Salsa - Synchronization

> Salsa - Synchronization

Topics

Nachos

Interrupts

When you need to block a thread, think of using the Sleep() function that is a part of the Thread class.

[ Source code in code/threads | Lab| Quiz ]

Processes frequently need to communicate with other processes, e.g., the input of one process may depend on the output of another, or the processes may need to access the same resource and need to do so in an orderly manner. Here, we first discuss the general issues regarding synchronization and then talk about how to implement some synchronization primitives in Nachos.

Race Conditions and Mutual Exclusion

Two issues need to be considered regarding inter-process communication. Firstly, how to make sure that two processes do not get into each other's way when accessing a common resource and, secondly, how to sequence the processes when there are dependencies among them, e.g., process B waiting for process A's output.
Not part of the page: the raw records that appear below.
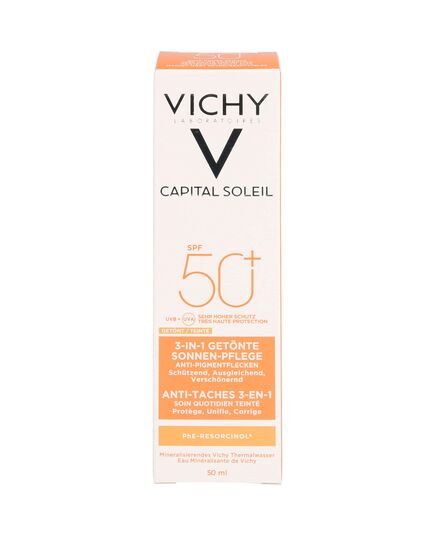 Capital Soleil Anti Dark Spots 50Ml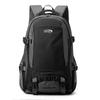 Schoolbag Travel Backpack Men's Backpack Large Capacity Business Trip Multifunctional Backpack Hiking Waterproof Backpack
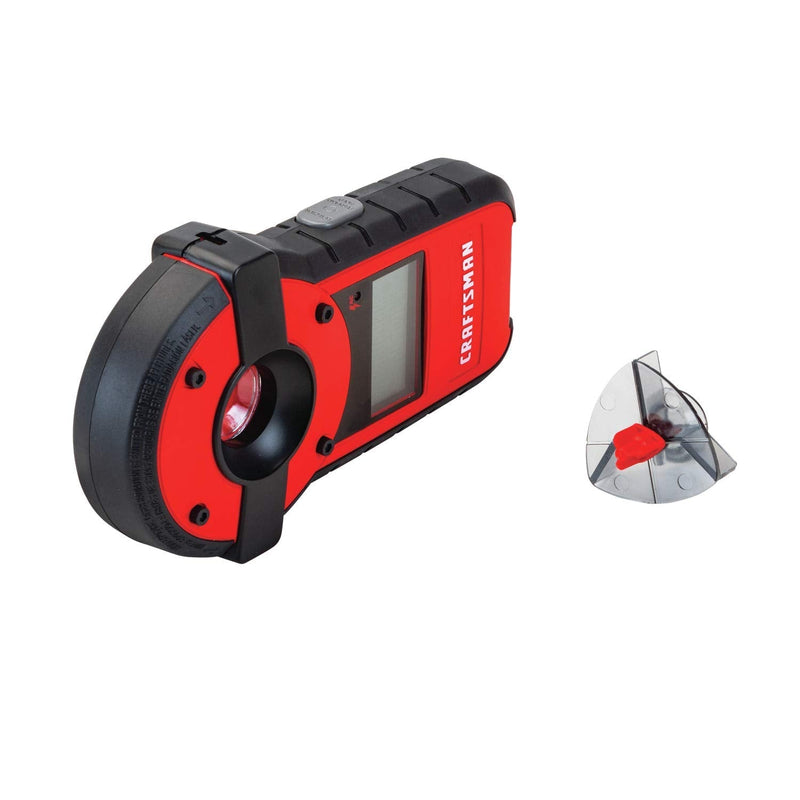 [Australia - AusPower] - CRAFTSMAN Laser Level and Stud Sensor, 20-Foot Visbility Range (CMHT77636)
Assume two processes, A and B, need to read and increment the value of a variable x whose initial value is 7. Thus, after both A and B have incremented x, its value should be 9. Assume process A reads the value 7 and before it can increment it is preempted by the CPU scheduler that now starts executing B. B reads the value 7 as well, increments it to 8 and stores it in x. Now, A gets the CPU again, increments the value it had read in to 8 and then stores it back. Thus, the value of x after both A and B have read and incremented it, is incorrect. Situations like this, where two or more processes are reading or writing some shared data and the final result depends on who runs precisely when, are called race conditions.

The key to avoiding race conditions is to provide mutual exclusion - some way of making sure that if one process is accessing a shared variable, other processes will be excluded from doing the same thing. The part of the program where shared variables are accessed is called the critical region or critical section. If execution of processes is arranged in a manner such that no two processes were in their critical section at the same time, race conditions are avoided.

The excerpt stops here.